> WHAT TO WORK ON
Below are the entries. Transcribe exactly the lines from the one with "Port miš OFFICE BUDGET - PRO, crni" through the one with "CAS 314245-31-3 |", ends included, and leave out all others.

> AVAILABLE DATA
# # # #

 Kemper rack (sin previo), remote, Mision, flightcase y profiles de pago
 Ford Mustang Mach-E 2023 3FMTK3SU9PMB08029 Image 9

# # # #

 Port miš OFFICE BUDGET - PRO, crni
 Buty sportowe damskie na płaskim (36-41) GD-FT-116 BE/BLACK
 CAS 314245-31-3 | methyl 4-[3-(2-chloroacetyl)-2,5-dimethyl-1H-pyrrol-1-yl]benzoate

# # # #

> RESULT
 Port miš OFFICE BUDGET - PRO, crni
 Buty sportowe damskie na płaskim (36-41) GD-FT-116 BE/BLACK
 CAS 314245-31-3 | methyl 4-[3-(2-chloroacetyl)-2,5-dimethyl-1H-pyrrol-1-yl]benzoate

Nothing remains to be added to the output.